Dans ce dernier cas, cela conduit à la mort de la colonie corallienne, avec des conséquences négatives multiples, tant sur le plan écologique (perte de diversité biologique, dysfonctionnement des écosystèmes,…) que socio-économique (secteurs de la pêche, du tourisme…).
La capacité des récifs à se régénérer par la suite (on parle de « résilience ») est très variable en fonction des espèces comme on a pu le constater à Mayotte après les épisodes de blanchissement de 1998 et 2010.
Actuellement, plusieurs événements expliquent l’épisode. Outre le réchauffement climatique, le phénomène El-Niño provoque une hausse anormale des températures de l’eau. Mais des facteurs locaux jouent également, comme par exemple l’utilisation des détergents par les lavandières dans les rivières.
Risque pour le mois d’avril
Cette année, l’inquiétude est mondiale et particulièrement aigüe. Le Parc souligne que différents réseaux de veille environnementale ont lancé une alerte y compris chez nous. A l’heure actuelle, pour l’océan Indien et Mayotte en particulier, tout indique «un risque de phénomène massif de blanchissement début avril 2016».
Le Parc marin explique qu’il a relancé en 2015 la mise en place d’un réseau de 11 sondes de températures réparties sur l’ensemble du lagon à proximité des principaux récifs, pour «suivre de manière régulière l’évolution des températures de surface à Mayotte et corréler les informations de température en temps réel avec les phénomènes de blanchissement observés.»

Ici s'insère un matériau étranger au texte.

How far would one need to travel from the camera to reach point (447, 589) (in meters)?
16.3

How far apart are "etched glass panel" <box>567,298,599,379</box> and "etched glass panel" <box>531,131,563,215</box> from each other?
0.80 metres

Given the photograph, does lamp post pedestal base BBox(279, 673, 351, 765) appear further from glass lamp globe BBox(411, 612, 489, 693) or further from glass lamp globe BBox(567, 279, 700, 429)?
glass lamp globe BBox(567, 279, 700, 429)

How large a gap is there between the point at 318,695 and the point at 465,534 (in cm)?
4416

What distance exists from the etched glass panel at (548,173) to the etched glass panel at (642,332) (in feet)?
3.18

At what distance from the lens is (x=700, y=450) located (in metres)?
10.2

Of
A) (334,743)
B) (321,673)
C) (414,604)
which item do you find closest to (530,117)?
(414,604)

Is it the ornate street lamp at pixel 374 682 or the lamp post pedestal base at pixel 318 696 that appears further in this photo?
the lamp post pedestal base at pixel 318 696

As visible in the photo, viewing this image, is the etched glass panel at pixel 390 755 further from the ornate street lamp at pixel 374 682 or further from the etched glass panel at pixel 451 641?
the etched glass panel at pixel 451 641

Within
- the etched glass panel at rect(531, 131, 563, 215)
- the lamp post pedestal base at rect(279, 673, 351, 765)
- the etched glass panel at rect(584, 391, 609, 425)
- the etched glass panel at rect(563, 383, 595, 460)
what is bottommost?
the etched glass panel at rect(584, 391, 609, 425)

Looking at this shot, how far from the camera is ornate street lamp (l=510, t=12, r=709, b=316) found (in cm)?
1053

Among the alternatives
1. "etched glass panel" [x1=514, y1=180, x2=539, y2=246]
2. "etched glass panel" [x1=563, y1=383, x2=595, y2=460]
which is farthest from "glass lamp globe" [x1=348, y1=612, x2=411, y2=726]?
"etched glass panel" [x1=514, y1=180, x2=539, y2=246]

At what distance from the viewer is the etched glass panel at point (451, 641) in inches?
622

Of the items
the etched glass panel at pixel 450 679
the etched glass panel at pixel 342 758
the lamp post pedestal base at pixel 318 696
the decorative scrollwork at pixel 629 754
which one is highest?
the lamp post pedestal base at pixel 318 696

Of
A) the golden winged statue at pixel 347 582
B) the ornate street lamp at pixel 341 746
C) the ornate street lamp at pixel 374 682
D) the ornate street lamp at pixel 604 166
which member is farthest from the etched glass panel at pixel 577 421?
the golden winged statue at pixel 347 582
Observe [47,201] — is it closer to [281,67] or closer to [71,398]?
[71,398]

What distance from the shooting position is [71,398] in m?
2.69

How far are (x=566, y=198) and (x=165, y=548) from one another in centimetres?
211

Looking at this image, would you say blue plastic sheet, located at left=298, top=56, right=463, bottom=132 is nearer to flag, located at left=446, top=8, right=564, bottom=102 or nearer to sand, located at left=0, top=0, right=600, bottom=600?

Et les températures moyennes relevées ces derniers temps dépassent celles référencées en 2010. «Les données tendent également à montrer des niveaux de températures différents entre la côte est et la côte ouest, susceptibles de générer des réactions variables dans les milieux naturels», détaille le Parc.
Observer pour comprendre
Impossible de savoir ce qui va se passer mais les deux épisodes précédents donnent un éclairage.
«Suite au phénomène El Niño, d’avril à août 1998, les colonies coralliennes ont subi des dégradations massives allant jusqu’à 90 % de mortalité corallienne localement. Cet épisode de blanchissement a été le plus important jamais répertorié.» Les dégâts ont été moins importants en 2010.
Actuellement, «des blanchissements ponctuels sont rapportés mais on n’observe pas pour le moment de phénomène global et généralisé à l’échelle de l’île», précise le PNM. Mais il convient de les suivre attentivement car les récifs coralliens sont essentiels à la vie naturelle mais aussi aux activités économiques du lagon.
Programme à grande échelle
S’il est impossible d’endiguer le phénomène, un programme global de suivi à l’échelle des territoires français de l’océan Indien a été monté. Il s’agit d’un partenariat entre les parcs naturels marins de Mayotte et des Glorieuses, l’Institut de Recherche et de Développement (IRD), l’Université de la Réunion, la collectivité des Terres Australes et Antarctiques Françaises (TAAF), l’IFRECOR, la DEAL de la Réunion, le programme SEAS-OI, la Réserve naturelle marine de la Réunion, la Réserve naturelle nationale de l’îlot Mbouzi, le bureau d’études MAREX, l’association Cordio et l’association Reef Check France.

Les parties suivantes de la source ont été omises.